--- PROVIDED ENTRIES ---
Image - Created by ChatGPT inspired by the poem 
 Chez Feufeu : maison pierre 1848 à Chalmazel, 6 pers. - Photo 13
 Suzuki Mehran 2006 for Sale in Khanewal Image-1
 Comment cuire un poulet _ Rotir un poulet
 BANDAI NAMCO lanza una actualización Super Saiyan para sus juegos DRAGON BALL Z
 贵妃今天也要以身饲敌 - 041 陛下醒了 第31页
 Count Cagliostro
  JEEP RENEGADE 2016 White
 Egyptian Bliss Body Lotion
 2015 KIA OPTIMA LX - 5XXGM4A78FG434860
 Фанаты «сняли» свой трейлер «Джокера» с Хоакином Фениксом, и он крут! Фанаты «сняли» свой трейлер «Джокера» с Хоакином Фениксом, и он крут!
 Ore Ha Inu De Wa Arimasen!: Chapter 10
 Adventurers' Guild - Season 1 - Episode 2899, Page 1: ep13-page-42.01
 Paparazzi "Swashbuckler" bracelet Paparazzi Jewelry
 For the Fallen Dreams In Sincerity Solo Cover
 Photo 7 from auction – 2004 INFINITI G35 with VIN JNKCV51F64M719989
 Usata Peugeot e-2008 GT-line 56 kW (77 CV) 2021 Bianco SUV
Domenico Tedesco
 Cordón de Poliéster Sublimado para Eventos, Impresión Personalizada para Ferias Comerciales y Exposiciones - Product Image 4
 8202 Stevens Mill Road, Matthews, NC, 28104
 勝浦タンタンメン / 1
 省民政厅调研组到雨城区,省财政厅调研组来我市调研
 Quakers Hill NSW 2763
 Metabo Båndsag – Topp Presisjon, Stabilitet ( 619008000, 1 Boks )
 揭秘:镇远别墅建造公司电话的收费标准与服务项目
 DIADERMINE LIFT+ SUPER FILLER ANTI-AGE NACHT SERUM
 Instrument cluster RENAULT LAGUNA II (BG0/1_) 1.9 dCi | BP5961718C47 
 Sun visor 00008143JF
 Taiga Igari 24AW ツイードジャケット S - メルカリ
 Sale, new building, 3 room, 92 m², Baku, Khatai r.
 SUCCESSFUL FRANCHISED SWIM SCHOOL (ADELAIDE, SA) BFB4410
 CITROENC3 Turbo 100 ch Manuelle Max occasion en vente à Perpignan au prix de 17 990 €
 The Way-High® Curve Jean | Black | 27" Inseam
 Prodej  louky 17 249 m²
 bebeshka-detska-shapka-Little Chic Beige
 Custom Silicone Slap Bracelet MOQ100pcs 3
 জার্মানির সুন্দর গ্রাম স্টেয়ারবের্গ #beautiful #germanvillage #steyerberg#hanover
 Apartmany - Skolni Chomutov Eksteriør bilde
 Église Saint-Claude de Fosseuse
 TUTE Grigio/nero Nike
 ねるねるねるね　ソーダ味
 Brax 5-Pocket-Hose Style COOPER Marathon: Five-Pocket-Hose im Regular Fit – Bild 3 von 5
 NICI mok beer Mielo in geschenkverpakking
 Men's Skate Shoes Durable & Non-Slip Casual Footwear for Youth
---
## DIRECTIONS FOR THIS TASK
In the listing above, locate the line containing "BANDAI NAMCO lanza" and the line containing "For the Fallen", then transcribe both and every line between them verbatim.

## TASK RESPONSE
 BANDAI NAMCO lanza una actualización Super Saiyan para sus juegos DRAGON BALL Z
 贵妃今天也要以身饲敌 - 041 陛下醒了 第31页
 Count Cagliostro
  JEEP RENEGADE 2016 White
 Egyptian Bliss Body Lotion
 2015 KIA OPTIMA LX - 5XXGM4A78FG434860
 Фанаты «сняли» свой трейлер «Джокера» с Хоакином Фениксом, и он крут! Фанаты «сняли» свой трейлер «Джокера» с Хоакином Фениксом, и он крут!
 Ore Ha Inu De Wa Arimasen!: Chapter 10
 Adventurers' Guild - Season 1 - Episode 2899, Page 1: ep13-page-42.01
 Paparazzi "Swashbuckler" bracelet Paparazzi Jewelry
 For the Fallen Dreams In Sincerity Solo Cover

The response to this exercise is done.